Faisal Al-Suwaidi, chairman and chief executive of Qatargas, said in an interview: “I’d be wrong if I said we saw the breakthrough of shale gas coming. It took everyone by surprise. Has it impacted our long-range plans? Maybe, but minimally,” he added.

Qatar has also had to be flexible. Much of its gas was earmarked for the US and UK, which because of lower demand and increased supply no longer need as many cargoes. As recently as this month it said it would reroute that gas to regions where growth remains more robust, such as Asia and the Middle East itself.

In fact, the shift has been so significant, that China is now expected to become Qatar’s biggest buyer.

The Middle East, which sits on large, but undeveloped gas resources, is also a quickly growing market for gas imports, from Qatar and further afield.

“We see a huge growth of demand for energy in the Middle East. This could be a good help to projects developed that had destinations, such as the US and Europe,” Mr Al-Suwaidi said.

He noted that UK demand for gas fell in the summer at precisely the time Middle East countries needed more supply because of the seasonal increase in air conditioning.

Finding such solutions is also important for the international oil companies that have piled into Qatar to help it develop its LNG industry.

Those companies include ExxonMobil, Royal Dutch Shell, Total and ConocoPhillips.

For many, Qatar has been a critical way of expanding their portfolios in past years when other resource-rich nations were making it more difficult to invest, especially in oil fields.

Frank Harris, an analyst at Wood Mackenzie, says: “Gas is becoming more important to international oil companies, driven by the fact that big new oil opportunities are becoming much harder to find and, accessing discovered oil resources is becoming increasingly tough.”

He adds that the most attractive countries to do business in were those with low accessibility hurdles. These include Qatar, but also countries with “unconventional” gas resources, such as the US with its shale gas.

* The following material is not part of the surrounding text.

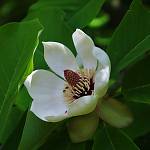 Kostelec nad Černými lesy - arboretum, šácholan obvejčitý (2019)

ExxonMobil and other companies are hoping to apply the expertise they acquire from deals they recently struck in the US shale gas sector to the shale beds of Poland, Sweden, Germany and France, which are also relatively easily accessible.

However, there is a chance that their appetite for natural gas could decline if prices do not recover for a long time.

Mr Harris says: “I think some companies’ enthusiasm may start to wane if they decide that the global outlook for gas is genuinely bearish long-term, rather than just for the next few years.

“However, others see things recovering in the medium term, as gas becomes increasingly important and valuable.”

He says that he shares the more optimistic outlook.

In Qatar, as it completes its 20-year building programme, the mood is also one of optimism and of the belief that, in the long term, gas will remain an important fuel source.